5.5 Fly Ash . Fly ash in the CO2 absorption solvent may cause foaming in the absorber and stripper, scaling and plugging of equipment, erosion, crevice corrosion, and increased solvent loss through chemical degradation and physical association with removed sludge. Furthermore, fly ash may create significant difficulties in the upstream SO2 scrubber. If the fuel produces fly ash, the particulates should be removed upstream of the SO2 scrubber. A coalfired boiler flue gas has a typical loading of 2 grains of fly ash per dry standard cubic foot (gr/dscf). This amounts to about 20 te/d of fly ash per 1000 te/d CO2. It is recommended that the loading be reduced to 0.006 gr/dscf (24), requiring a removal efficiency of about 99.7 weight percent.
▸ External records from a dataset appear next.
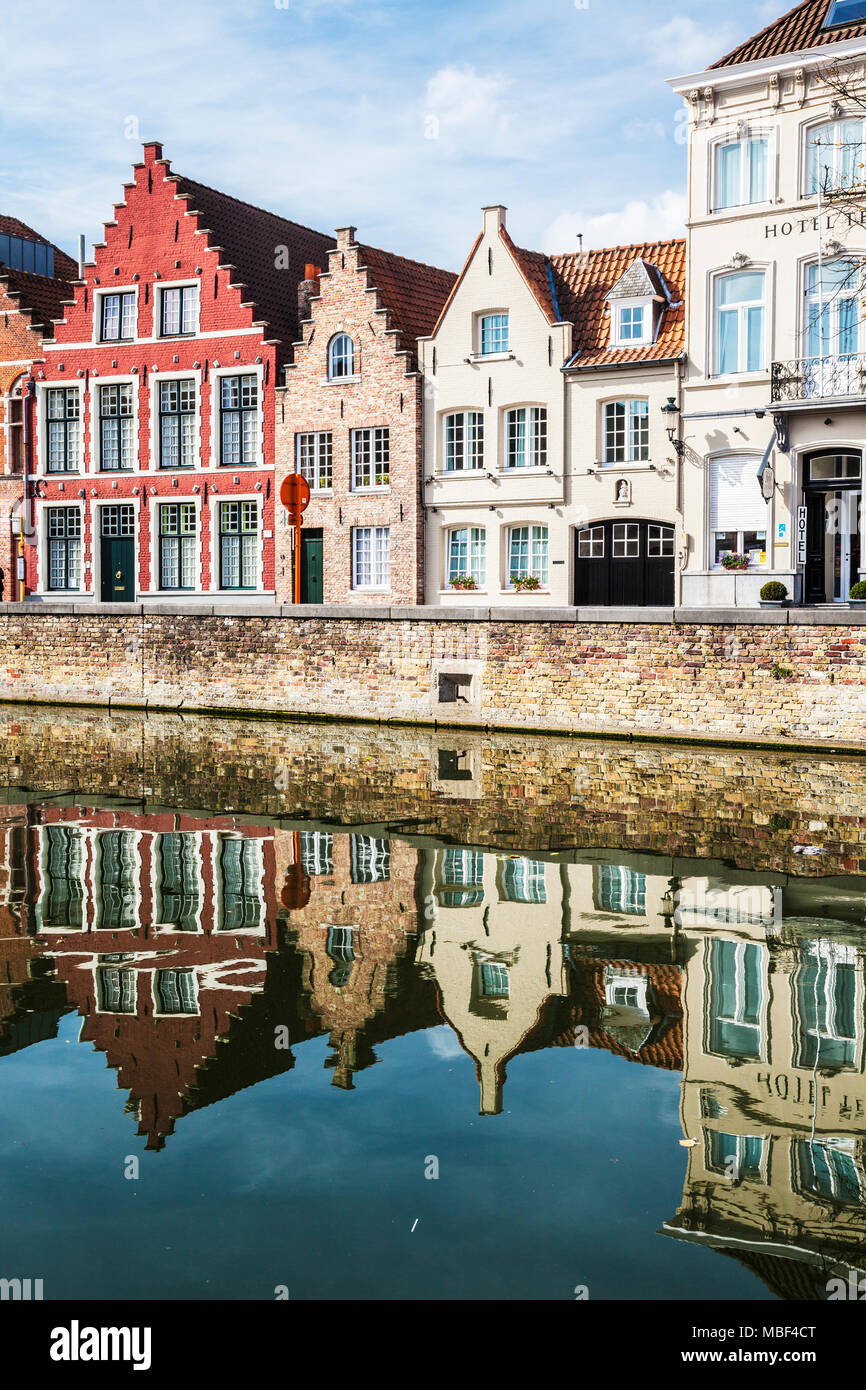 Ausblick auf den Kanal und die historischen Patrizierhäusern entlang der Langerei in Brügge (Brugge), Belgien. Stockfoto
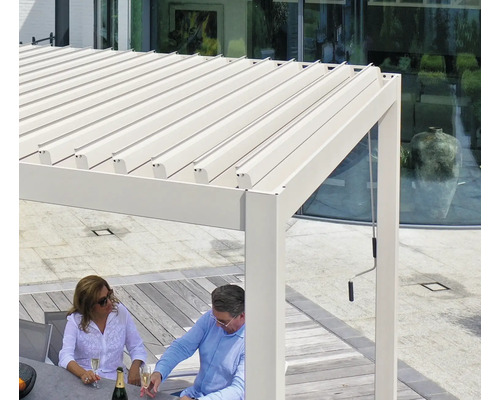 Pergola mit verstellbaren Lamellen für den Garten
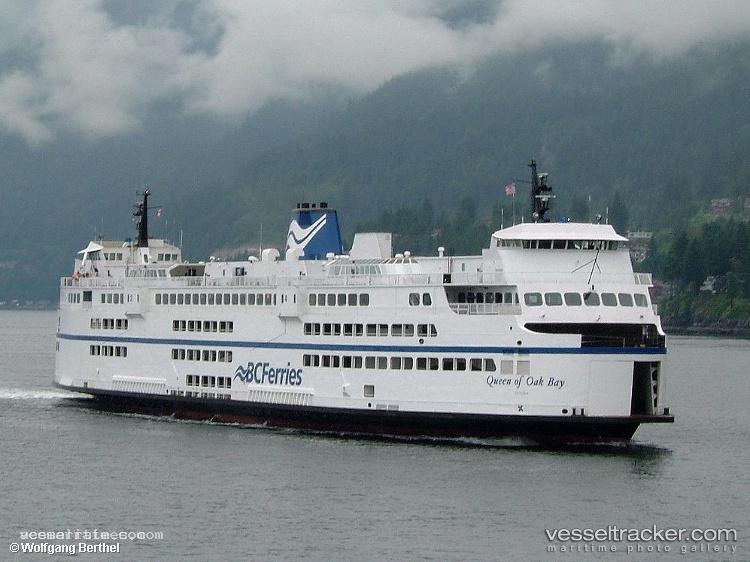Queen-Of-Oak-Bay - Passenger Ro Ro Cargo Ship vessel registered in Canada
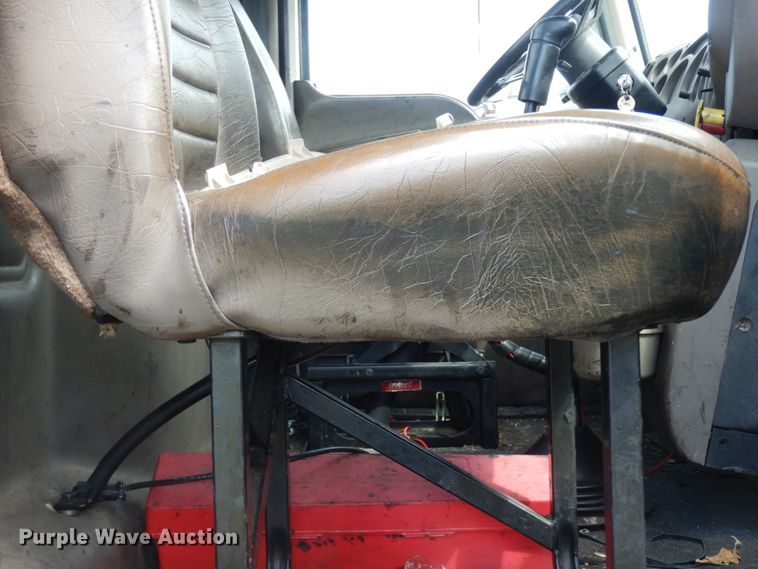 image for item DM2953 2006 Mack CXN612  truck cab and chassis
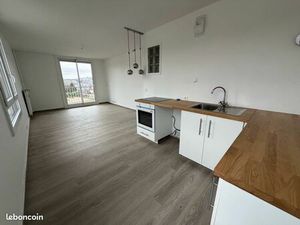 Appartement T2 avec parking  balcon et asc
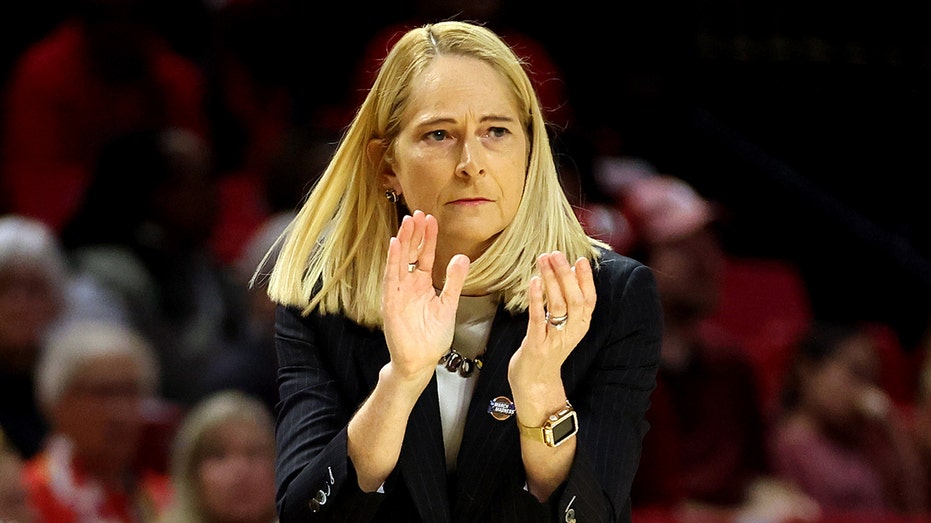 maryland-basketball-coach-has-intense-moment-with-player-during-march-madness-game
5.6 Soot . Soot presents a special problem in the absorber. Soot derived from firing gas or very light fuel oils does not cause problems and passes harmlessly through the absorber tower. However, soot derived from heavy fuel oil stabilizes an amine mist above the CO2 absorption zone that is not captured in the water wash zone. In this instance, a special mist eliminator must be employed in the absorber to capture the micron-sized MEA mist particles.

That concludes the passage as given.